A vasectomia é um procedimento cirúrgico de baixa complexidade. Por ser realizada com anestesia local e com duração média de 30 min, suas complicações são mínimas e normalmente autolimitadas. Hemorragias (2% dos casos), infecções cutâneas (10% dos casos), lesão iatrogênica de estruturas adjacentes (4% dos casos) e fístulas deferento-cutâneas (menos de 1% dos casos) figuram entre as complicações de curto prazo mais comuns.


A complicação pós-operatória de longo prazo mais observada é o granuloma espermático, em que pode ser palpada uma formação nodular, indolor, no trajeto ocupado pela porção do ducto deferente removido. Ocorre em 10% dos casos e costuma apresentar resolução lenta, mas espontânea.

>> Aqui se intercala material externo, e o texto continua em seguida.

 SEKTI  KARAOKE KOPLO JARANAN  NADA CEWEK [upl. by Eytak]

Não há ainda estudos com metodologia científica adequada que geram evidências científicas de boa consistência, capazes de demonstrar associação entre cirurgia de vasectomia e desenvolvimento de câncer de próstata, risco cardiovascular, disfunção erétil, redução da libido, hiperplasia prostática benigna e cálculo das vias urinárias.

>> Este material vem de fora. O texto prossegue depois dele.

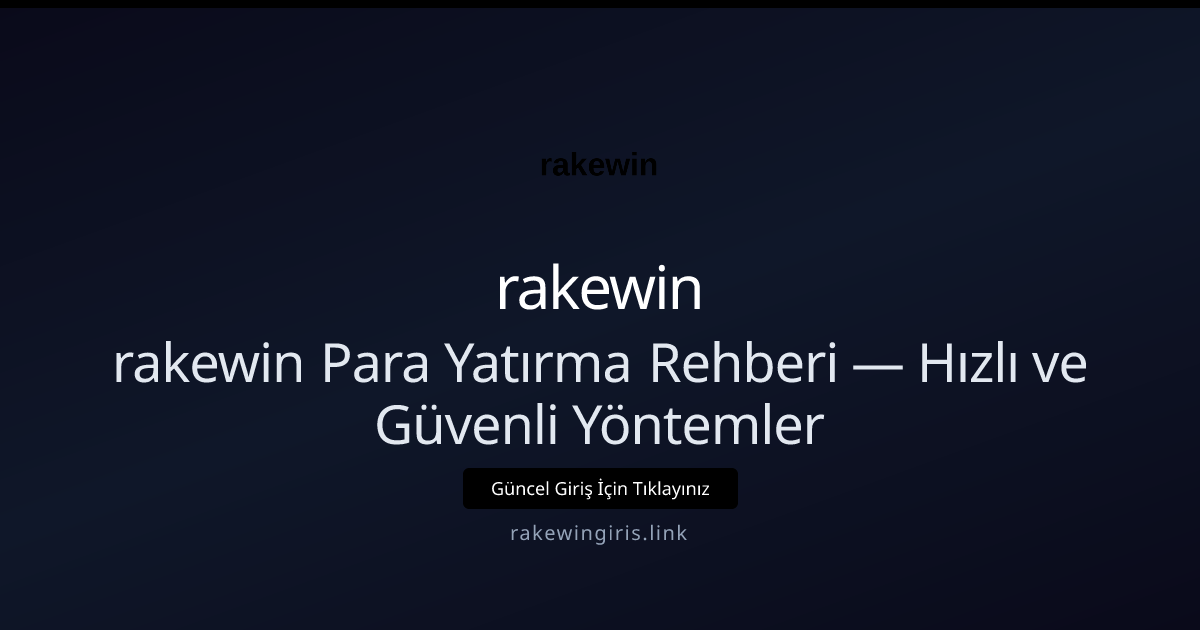 rakewin Para Yatırma Rehberi — Hızlı ve Güvenli Yöntemler rakewin Para Yatırma Rehberi — Hızlı ve Güvenli Yöntemler: kullanıcı arayüzü görünümü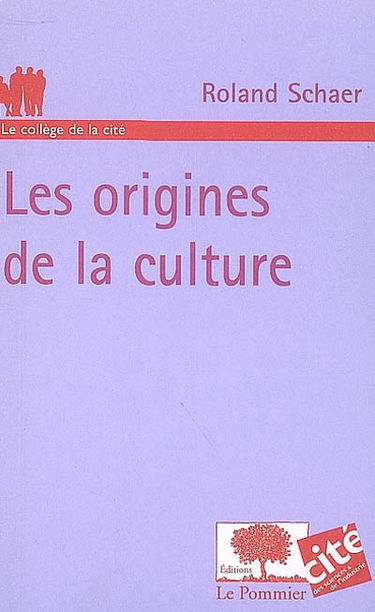 Les origines de la culture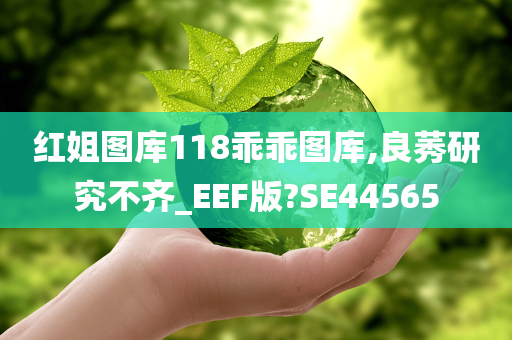 红姐图库118乖乖图库,良莠研究不齐_EEF版?SE44565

No procedimento cirúrgico, é removido um trecho pequeno do ducto deferente direito e esquerdo em seu trajeto escrotal e, por isso, não há alteração no aspecto/volume macroscópico do ejaculado.


A vasectomia pode falhar?


A vasectomia é considerada um dos métodos contraceptivos mais eficazes e seguros, visto que o índice de falha é muito baixo e fica em torno de 0,15%. A taxa de insucesso está diretamente relacionada com a técnica cirúrgica adotada e geralmente é mais frequente quando os ductos deferentes são seccionados e ligados, sem nenhum procedimento subsequente, como cauterização dos cotos ou, ainda, sutura invertida dos resquícios de canal deferente.


Reversão da vasectomia


A reversão de um procedimento de vasectomia é possível, embora nem sempre seja eficaz. A cirurgia de reversão é muito mais complexa, sendo realizada em ambiente microcirúrgico, exigindo lentes de aumento. Os fios operatórios, necessários para a reversão, são todos muito delicados e de pequeno diâmetro, como aqueles geralmente utilizados em cirurgias oftalmológicas. Além desses fatores, para o urologista, a curva de aprendizado do procedimento de reversão é bem mais longa que aquela da cirurgia esterilizadora.

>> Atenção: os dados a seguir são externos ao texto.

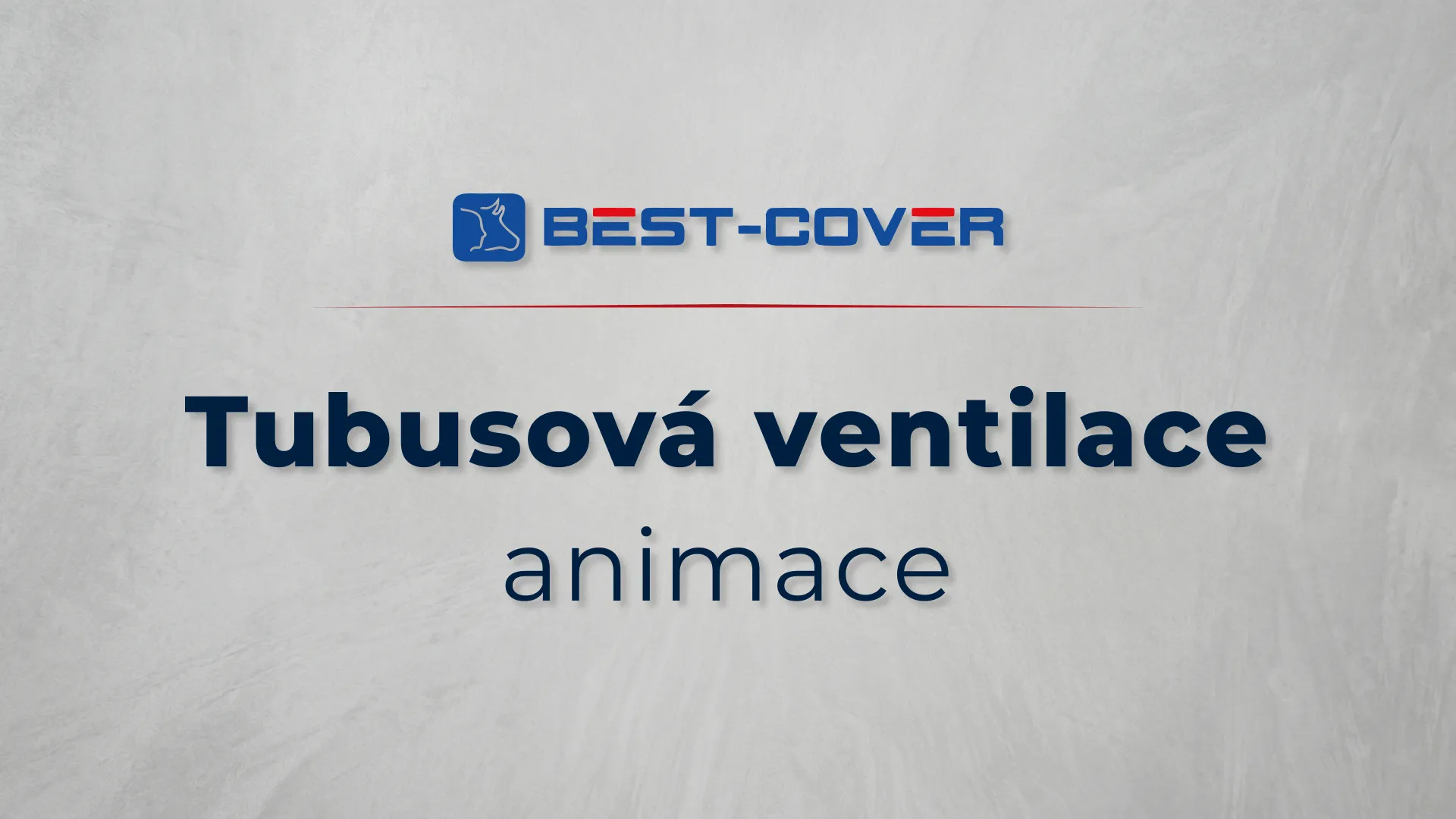 Titulní karta videa Best-Cover – Tubusová ventilace – animace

Atualmente, acredita-se que o período de 5 anos após a vasectomia seria o prazo máximo para viabilidade de uma cirurgia reconstrutora dos canais deferentes. Isso porque a área submetida à vasectomia é geralmente preenchida por tecido fibroso e, muitas vezes, o comprimento viável de ducto deferente se torna muito reduzido, inviabilizando a anastomose entre os cotos.


Bibliografia


Barreiro AOG, Wagner HL, Stein AT et al. Esterilização masculina: indicação. Projeto Diretrizes – Conselho Federal de Medicina e Associação Médica Brasileira, 2009. Disponível em: http://www.sbmfc.org.br/media/file/diretrizes/14Esterilizacao_Masculina.pdf.


Shih G, Zhang Y, Bukowski K et al. Bringing men to the table: sterilization can be for him or for her. Clin Obstet Gynecol. 2014 Dec;57(4):731-40.


Smith GL, Taylor GP, Smith KF. Comparative risks and costs of male and female sterilization. Am J Public Health. 1985 Apr;75(4):370-4.